**** Materials provided

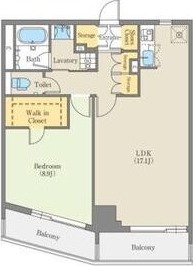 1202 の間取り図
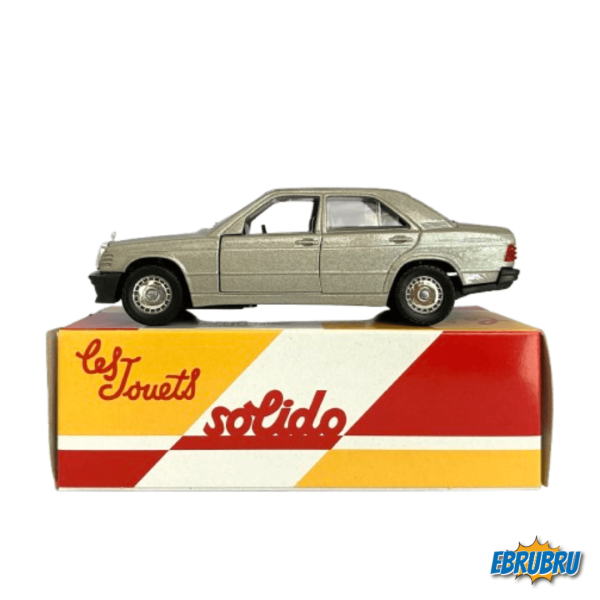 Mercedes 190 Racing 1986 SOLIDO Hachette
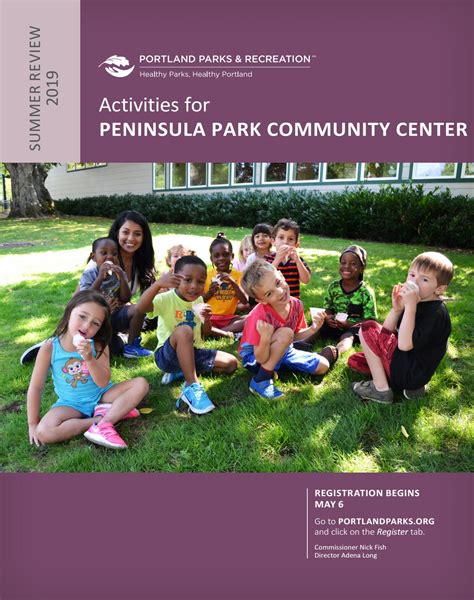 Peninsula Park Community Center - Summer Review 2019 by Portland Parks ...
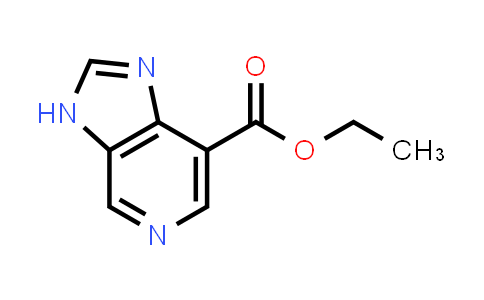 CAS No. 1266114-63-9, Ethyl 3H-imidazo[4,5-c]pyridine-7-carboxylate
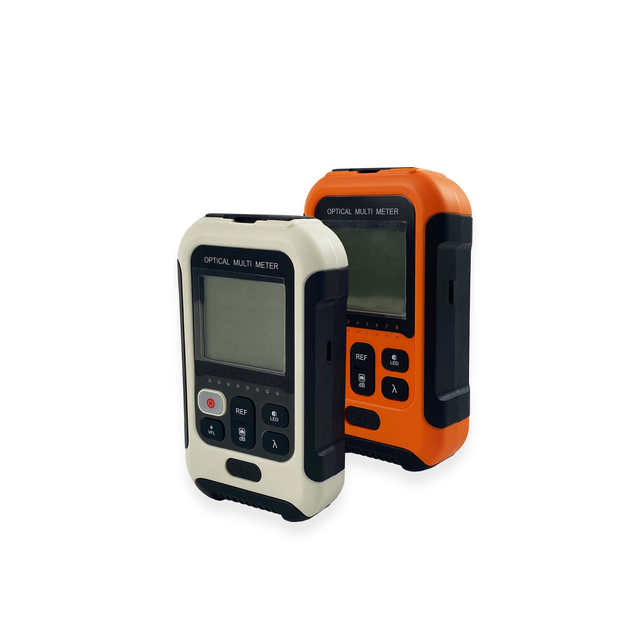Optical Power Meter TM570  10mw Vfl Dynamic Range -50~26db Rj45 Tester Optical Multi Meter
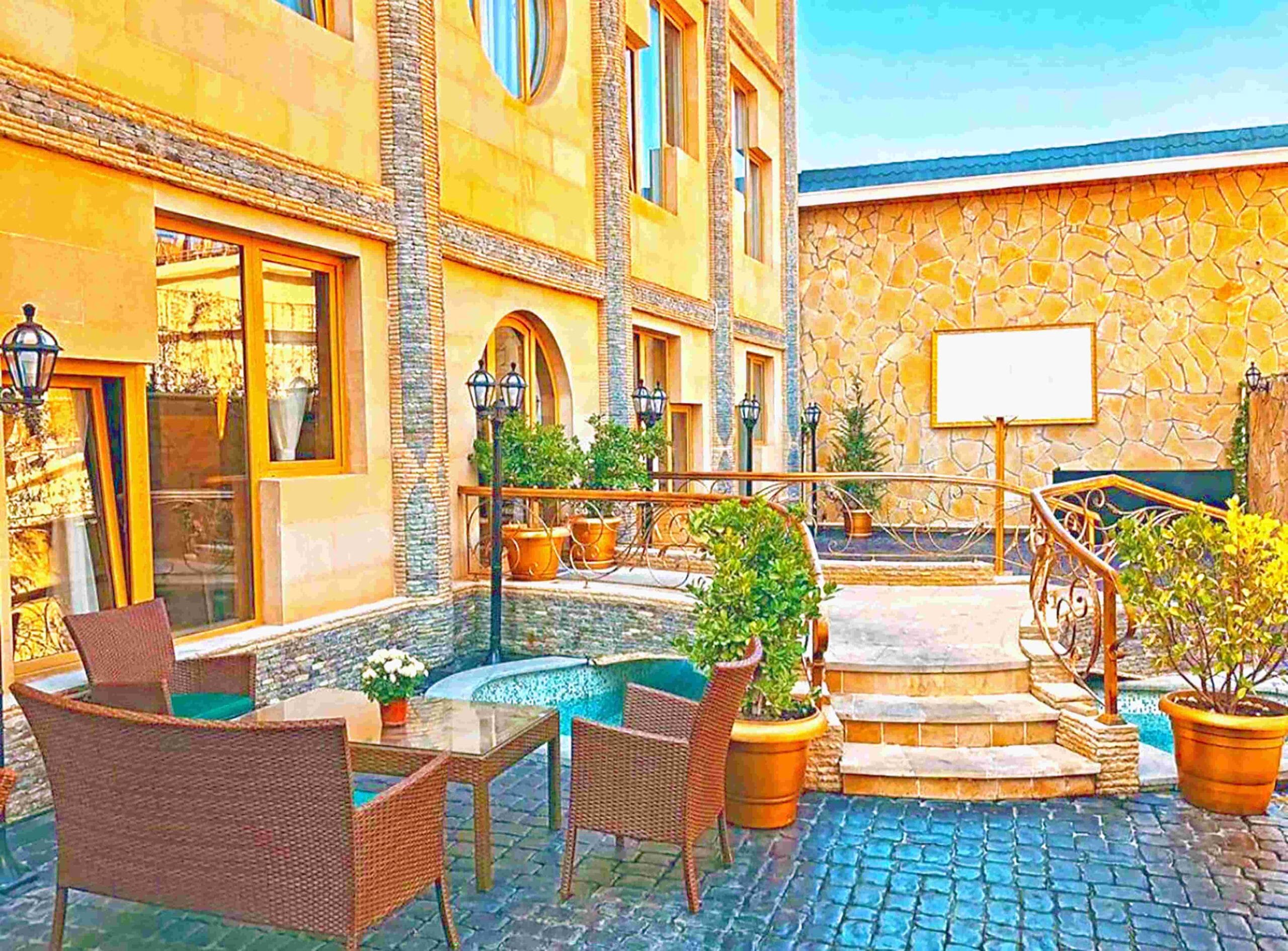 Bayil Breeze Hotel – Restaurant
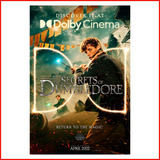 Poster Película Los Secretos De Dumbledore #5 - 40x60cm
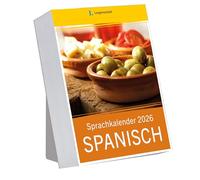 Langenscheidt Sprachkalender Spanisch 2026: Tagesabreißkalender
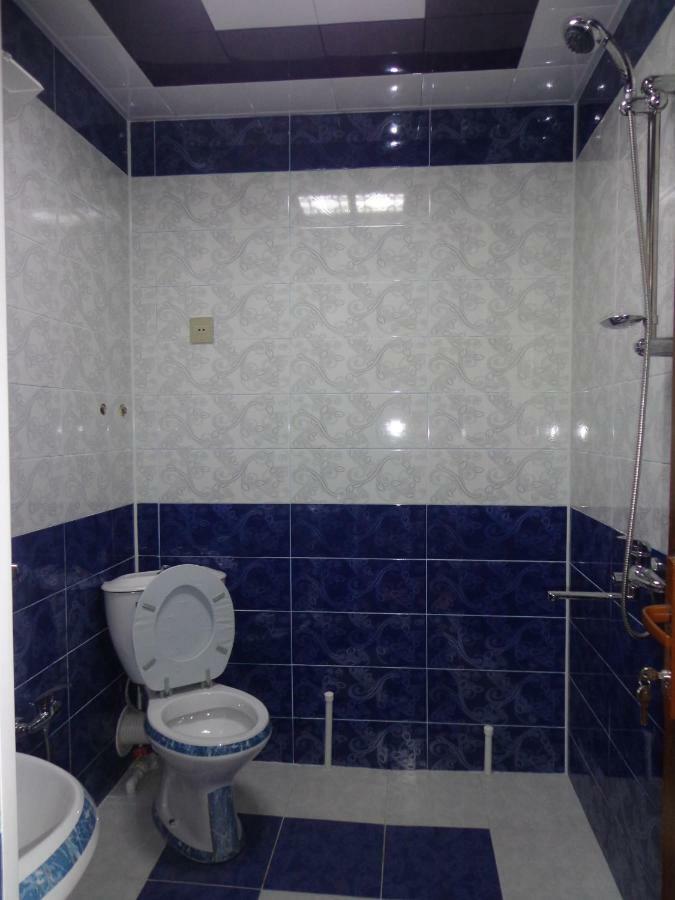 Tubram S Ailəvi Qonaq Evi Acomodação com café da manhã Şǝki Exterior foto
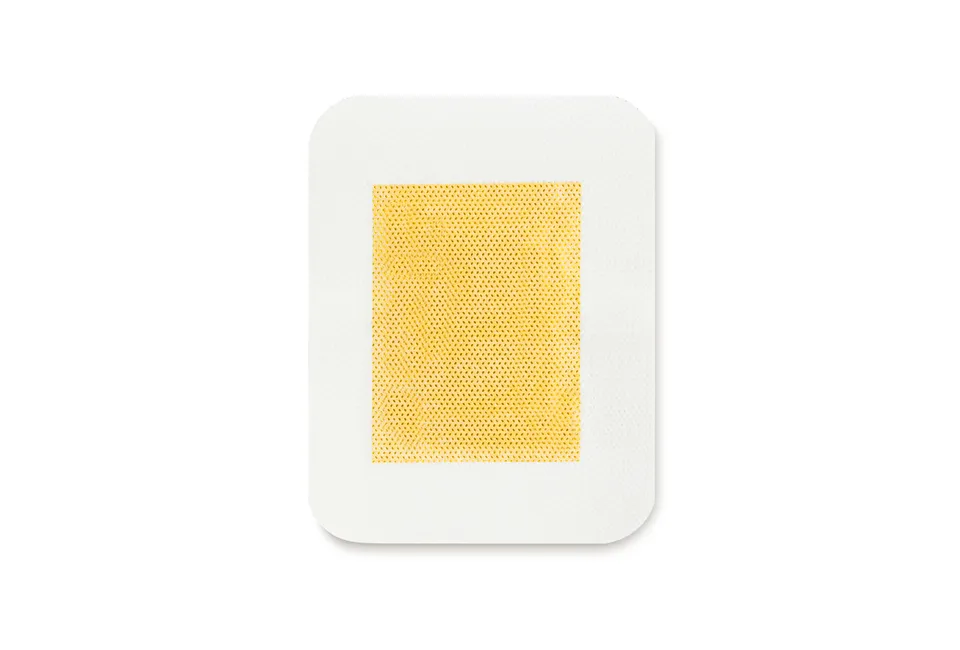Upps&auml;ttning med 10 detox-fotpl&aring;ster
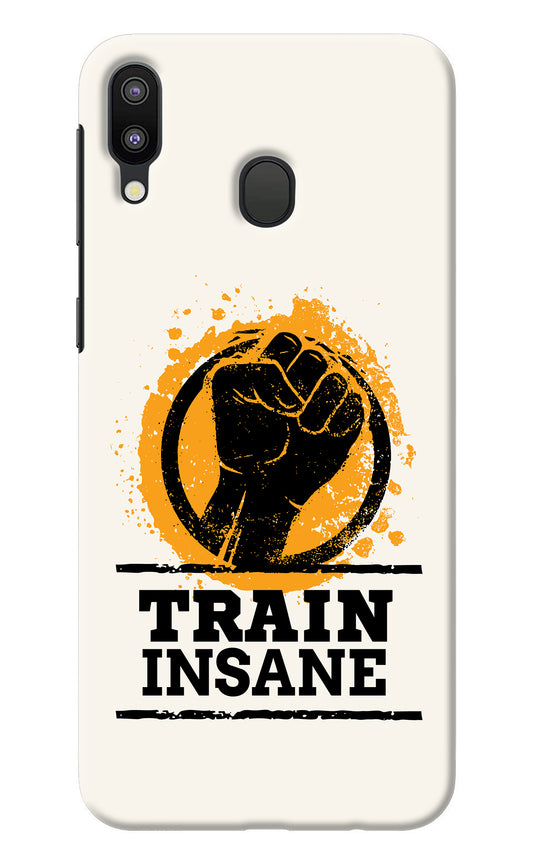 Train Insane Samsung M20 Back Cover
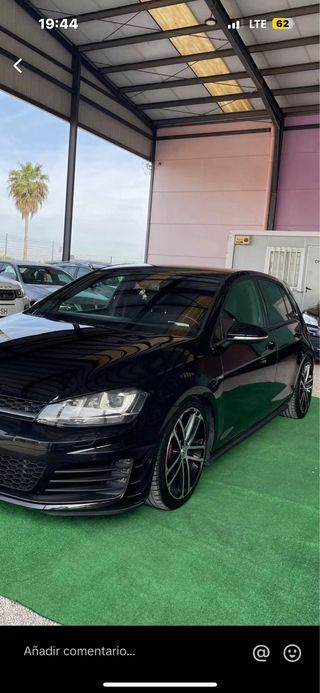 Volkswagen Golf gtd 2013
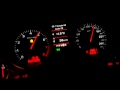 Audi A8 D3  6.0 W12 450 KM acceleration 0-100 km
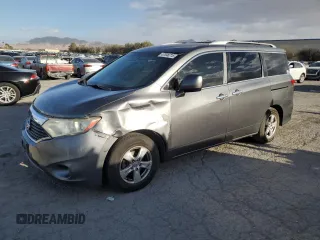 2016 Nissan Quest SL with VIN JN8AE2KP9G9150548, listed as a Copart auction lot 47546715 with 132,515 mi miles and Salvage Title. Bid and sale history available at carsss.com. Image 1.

********

> What to work on: Give the data again exactly, image-free.

> Answer to the exercise:
 1202 の間取り図
 Mercedes 190 Racing 1986 SOLIDO Hachette
 Peninsula Park Community Center - Summer Review 2019 by Portland Parks ...
 CAS No. 1266114-63-9, Ethyl 3H-imidazo[4,5-c]pyridine-7-carboxylate
Optical Power Meter TM570  10mw Vfl Dynamic Range -50~26db Rj45 Tester Optical Multi Meter
 Bayil Breeze Hotel – Restaurant
 Poster Película Los Secretos De Dumbledore #5 - 40x60cm
 Langenscheidt Sprachkalender Spanisch 2026: Tagesabreißkalender
 Tubram S Ailəvi Qonaq Evi Acomodação com café da manhã Şǝki Exterior foto
Upps&auml;ttning med 10 detox-fotpl&aring;ster
 Train Insane Samsung M20 Back Cover
 Volkswagen Golf gtd 2013
 Audi A8 D3  6.0 W12 450 KM acceleration 0-100 km
 2016 Nissan Quest SL with VIN JN8AE2KP9G9150548, listed as a Copart auction lot 47546715 with 132,515 mi miles and Salvage Title. Bid and sale history available at carsss.com. Image 1.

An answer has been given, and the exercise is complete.